In an embodiment of the present invention, the entropy encoder **130** may merge the coded strings converted from the subgroups **800** in a same row into a piece of data. As shown in FIG. 9, the coded strings f11 to f13 converted from the subgroups **800** in the first row A1 are merged into apiece of data **910**, the coded strings f21 to f23 converted from the subgroups **800** in the second row A2 are merged into a piece of data **920**, the coded strings f31 to f33 converted from the subgroups **800** in the third row A3 are merged into a piece of data **930**, the coded strings f41 to f44 converted from the subgroups **800** in the fourth row A4 are merged into a piece of data **940**, the coded strings f51 to f53 converted from the subgroups **800** in the fifth row A5 are merged into a piece of data **950**, the coded strings f61 to f63 converted from the subgroups **800** in the sixth row A6 are merged into a piece of data **960**, the coded strings f71 to f74 converted from the subgroups **800** in the seventh row A7 are merged into a piece of data **970**, and the coded strings f81 to f82 converted from the subgroups **800** in the eighth row A8 are merged into a piece of data **980**. The entropy encoder **130** may merge the pieces of data **910** to **980** into the encoded data **710**B of the frame **610**B. In an embodiment of the present invention, the encoded data **710**B may further comprise related information **990** about the frame **710**B, and the related information **990** may include the prediction parameters.

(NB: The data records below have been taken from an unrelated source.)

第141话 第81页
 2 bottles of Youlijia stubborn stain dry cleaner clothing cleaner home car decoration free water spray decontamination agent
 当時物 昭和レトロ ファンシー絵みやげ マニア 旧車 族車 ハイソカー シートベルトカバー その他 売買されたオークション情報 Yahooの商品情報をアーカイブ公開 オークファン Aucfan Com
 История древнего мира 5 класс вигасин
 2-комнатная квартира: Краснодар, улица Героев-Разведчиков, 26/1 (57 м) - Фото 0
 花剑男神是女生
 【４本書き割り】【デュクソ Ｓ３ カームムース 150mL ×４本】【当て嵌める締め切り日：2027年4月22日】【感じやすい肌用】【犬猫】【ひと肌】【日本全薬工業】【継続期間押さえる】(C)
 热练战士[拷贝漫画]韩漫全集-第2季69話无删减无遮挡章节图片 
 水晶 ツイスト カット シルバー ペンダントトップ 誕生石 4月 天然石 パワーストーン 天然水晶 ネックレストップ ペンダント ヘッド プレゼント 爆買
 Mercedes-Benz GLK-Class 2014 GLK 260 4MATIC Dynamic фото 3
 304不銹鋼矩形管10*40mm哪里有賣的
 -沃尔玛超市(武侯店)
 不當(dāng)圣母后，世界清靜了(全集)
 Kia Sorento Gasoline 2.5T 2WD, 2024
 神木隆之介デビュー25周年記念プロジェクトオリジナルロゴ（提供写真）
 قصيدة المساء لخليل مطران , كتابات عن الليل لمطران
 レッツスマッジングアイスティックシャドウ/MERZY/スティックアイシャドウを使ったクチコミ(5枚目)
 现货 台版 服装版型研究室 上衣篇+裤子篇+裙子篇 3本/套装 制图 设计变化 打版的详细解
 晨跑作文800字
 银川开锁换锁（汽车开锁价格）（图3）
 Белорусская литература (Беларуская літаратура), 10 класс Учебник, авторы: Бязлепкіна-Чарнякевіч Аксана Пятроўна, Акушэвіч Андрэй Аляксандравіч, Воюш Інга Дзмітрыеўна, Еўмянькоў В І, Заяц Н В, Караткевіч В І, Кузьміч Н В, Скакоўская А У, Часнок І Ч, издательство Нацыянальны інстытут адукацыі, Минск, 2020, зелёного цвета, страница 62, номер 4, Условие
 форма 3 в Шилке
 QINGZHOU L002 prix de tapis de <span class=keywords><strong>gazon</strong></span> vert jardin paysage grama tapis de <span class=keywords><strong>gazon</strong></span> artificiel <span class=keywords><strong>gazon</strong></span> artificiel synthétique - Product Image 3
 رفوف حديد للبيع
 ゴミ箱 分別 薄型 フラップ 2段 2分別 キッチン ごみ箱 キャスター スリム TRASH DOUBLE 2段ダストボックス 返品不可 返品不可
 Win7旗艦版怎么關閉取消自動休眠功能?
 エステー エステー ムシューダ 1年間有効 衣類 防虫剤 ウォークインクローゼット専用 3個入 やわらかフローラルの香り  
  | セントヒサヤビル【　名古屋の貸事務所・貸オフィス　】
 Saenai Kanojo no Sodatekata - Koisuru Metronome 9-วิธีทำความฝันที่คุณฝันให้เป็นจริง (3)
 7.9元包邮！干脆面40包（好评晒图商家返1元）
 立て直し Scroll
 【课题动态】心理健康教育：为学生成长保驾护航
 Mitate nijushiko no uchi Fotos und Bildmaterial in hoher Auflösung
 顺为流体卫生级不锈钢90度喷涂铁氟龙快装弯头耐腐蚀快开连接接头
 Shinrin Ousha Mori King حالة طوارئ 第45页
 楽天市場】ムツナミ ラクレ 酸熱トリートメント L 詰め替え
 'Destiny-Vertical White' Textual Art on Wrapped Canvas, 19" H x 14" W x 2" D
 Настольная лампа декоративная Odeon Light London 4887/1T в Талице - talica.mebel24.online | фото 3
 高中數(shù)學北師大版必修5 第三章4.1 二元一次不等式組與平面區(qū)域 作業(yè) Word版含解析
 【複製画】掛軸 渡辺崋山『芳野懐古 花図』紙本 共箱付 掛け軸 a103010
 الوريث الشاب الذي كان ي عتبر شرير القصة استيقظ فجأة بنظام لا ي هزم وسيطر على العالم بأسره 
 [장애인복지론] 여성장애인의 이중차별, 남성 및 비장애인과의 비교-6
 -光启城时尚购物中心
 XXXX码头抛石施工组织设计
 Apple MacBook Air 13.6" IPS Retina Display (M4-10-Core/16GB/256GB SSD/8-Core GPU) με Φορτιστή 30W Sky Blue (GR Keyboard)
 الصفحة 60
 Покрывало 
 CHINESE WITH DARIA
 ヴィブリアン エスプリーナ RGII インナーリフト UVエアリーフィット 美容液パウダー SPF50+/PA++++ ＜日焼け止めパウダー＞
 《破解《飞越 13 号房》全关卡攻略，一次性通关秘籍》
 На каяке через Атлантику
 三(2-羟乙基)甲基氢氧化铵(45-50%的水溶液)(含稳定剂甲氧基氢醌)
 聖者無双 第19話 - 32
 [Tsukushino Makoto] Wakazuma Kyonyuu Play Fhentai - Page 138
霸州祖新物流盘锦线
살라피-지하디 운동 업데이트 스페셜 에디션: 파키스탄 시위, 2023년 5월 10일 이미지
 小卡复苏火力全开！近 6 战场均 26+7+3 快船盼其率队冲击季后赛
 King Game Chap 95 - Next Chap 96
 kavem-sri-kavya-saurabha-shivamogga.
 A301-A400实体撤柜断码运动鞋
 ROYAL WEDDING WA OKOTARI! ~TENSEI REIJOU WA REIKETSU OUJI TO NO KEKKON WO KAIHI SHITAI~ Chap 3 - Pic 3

In an embodiment of the present invention, when the coded strings f11 to f82 are merged into the encoded data **710**B, the entropy encoder **130** calculates an offset for each of the coded strings f11 to f82. As shown in FIG. 9, offsets d11 to d82 of the coded strings f11 to f82 are calculated. Each of the offsets d11 to d82 of a coded string is determined based on the lengths of preceding coded strings thereof. For example, the offset d81 of the coded string f81 is determined based on the lengths of coded strings f11 to f74, and the offset f11 is equal to zero since the coded string f11 is the first coded string. The offsets d11 to d82 may be recorded in the related information **990**. Accordingly, a decoder could correctly extract the coded strings f11 to f82 from the encoded data **710**B according to the recorded offsets d11 to d82 and reconstruct the frame **610**B according to the extracted coded strings f11 to f82.

In summary, the present invention provides a method capable of simultaneously performing a plurality of CAVLC procedures to code the quantized transform coefficients of subgroups of a single frame into the encoded data. Therefore, the efficiency of encoding a video stream is enhanced.

Those skilled in the art will readily observe that numerous modifications and alterations of the device and method may be made while retaining the teachings of the invention. Accordingly, the above disclosure should be construed as limited only by the metes and bounds of the appended claims.